Стэнтон не знал, что сказать. Люксембург права. Она точно обрисовала ситуацию. Опытная группа, действовавшая под эгидой правящей верхушки, убила кайзера и цинично подставила левых. Вот только Розе невдомек, что группа эта сформирована не в 1914 году на Вильгельмштрассе, а в Кембридже 2024 года. А в остальном прямо в точку.
– Надеюсь, вы меня понимаете, – продолжила Люксембург. – Нам следует усвоить, что некое крыло милитаристской власти объявило нам войну. Они настолько беспощадны, что ради этого пожертвовали собственным императором. Наступают поистине ужасные времена. Начнутся репрессии, в жестокости не уступающие средневековым. Сеть забросят широко, и почти все ультраконсервативные лидеры и раболепное крестьянство сочтут это справедливым. Нам придется срочно уйти в подполье, иначе нас ждут аресты и бесследное исчезновение. Как я сказала, мистер Стэнтон, объявлена война, и все первые сражения мы, безусловно, проиграем. Но тот, кто сеет ветер, непременно пожнет бурю. Противник поднял ставки. Мы должны ответить и отплатить той же монетой. Кто знает, что ждет нас в будущем?
Стэнтон посмотрел на ее соратников. Улыбки стерлись. Мрачные, очень серьезные лица. Выбранный путь сулил гражданскую войну и революцию.
– Давайте мы уж сами будем управляться со своими бедами, мистер Стэнтон, – закончила Люксембург. – Вы не сможете защитить нас от всего немецкого государства.
35
Улица была почти безлюдна. Лишь несколько сочувствующих СДПГ охраняли вход в штаб-квартиру.
Стэнтон пошел домой. После разговора с Люксембург и Либкнехтом на душе стало еще тревожнее. Хотелось закурить. Как всегда после виски. Скотч и сигарета сочетались прекрасно. Может, выкурить одну сигаретку?
Неужто и впрямь он должен сдержать обещание?
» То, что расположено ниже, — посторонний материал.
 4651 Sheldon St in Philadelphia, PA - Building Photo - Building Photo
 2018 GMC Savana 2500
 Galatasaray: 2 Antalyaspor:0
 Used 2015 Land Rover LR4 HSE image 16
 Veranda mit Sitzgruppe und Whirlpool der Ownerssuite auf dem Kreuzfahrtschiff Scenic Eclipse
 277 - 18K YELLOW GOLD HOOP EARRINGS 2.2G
Вообще-то он не успел его дать. И даже если б успел, Кэсси его не застукает.
Мысли о сигаретах и Кэсси привели к Бернадетт – последней строчке в списке планов на будущее. Надо поскорее ехать в Ирландию. Найти Бернадетт нетрудно. Вся эта страна принадлежит кучке семейств. И часа не пройдет, как он отыщет Бернадетт из графства Уиклоу. Возможно, станет благородным фермером на сочных пастбищах Изумрудного острова. Заведет приличное хозяйство.
Стэнтон представил себя и Бернадетт в большом деревенском доме. Собаки, лошади, коровы, зерно… дети?
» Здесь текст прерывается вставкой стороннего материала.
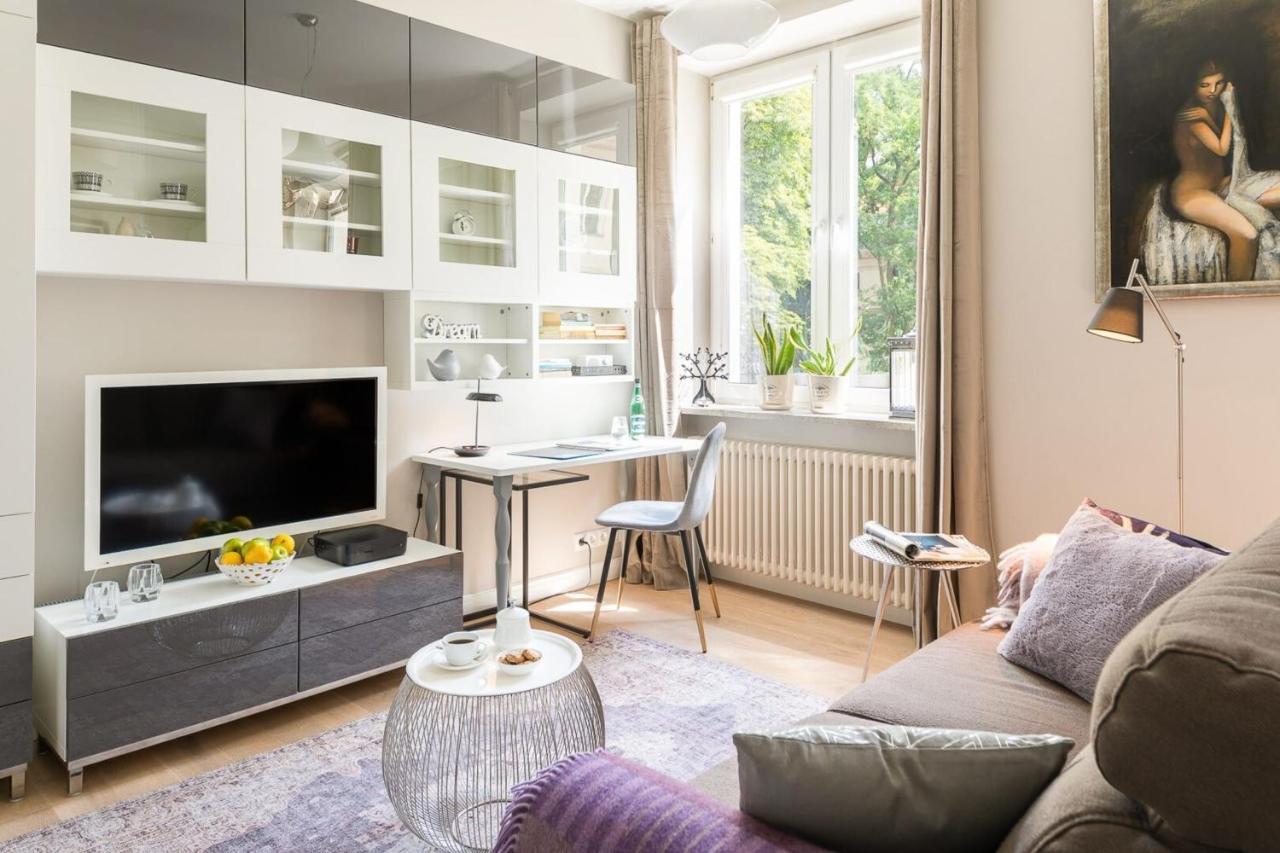 Rent Like Home - Nowy Swiat 47A Варшава Екстериор снимка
Кольнуло сердце. О чем он думает? Никто не заменит Тессу и Билла. Кроме того, с этой женщиной он провел всего одну ночь.
Наверное, от виски он стал беспечным. Либо после победы над разъяренной толпой еще не угасла адреналиновая волна. Либо увлекся двумя женщинами, соперничавшими за место в его мыслях. Так или иначе, прекрасно отлаженный инстинкт выживания слегка пригас, и Стэнтон лишь в последний момент осознал опасность.
Шаги, окрик, и его пригвоздили к стене.
В нос ударила вонь шнапса и табака.
В уши ввинтились злые голоса.
Перед глазами ухмылялись молодые рожи. Ниточки щегольских усов над губами, кривившимися в усмешке. Фуражки на бритых головах.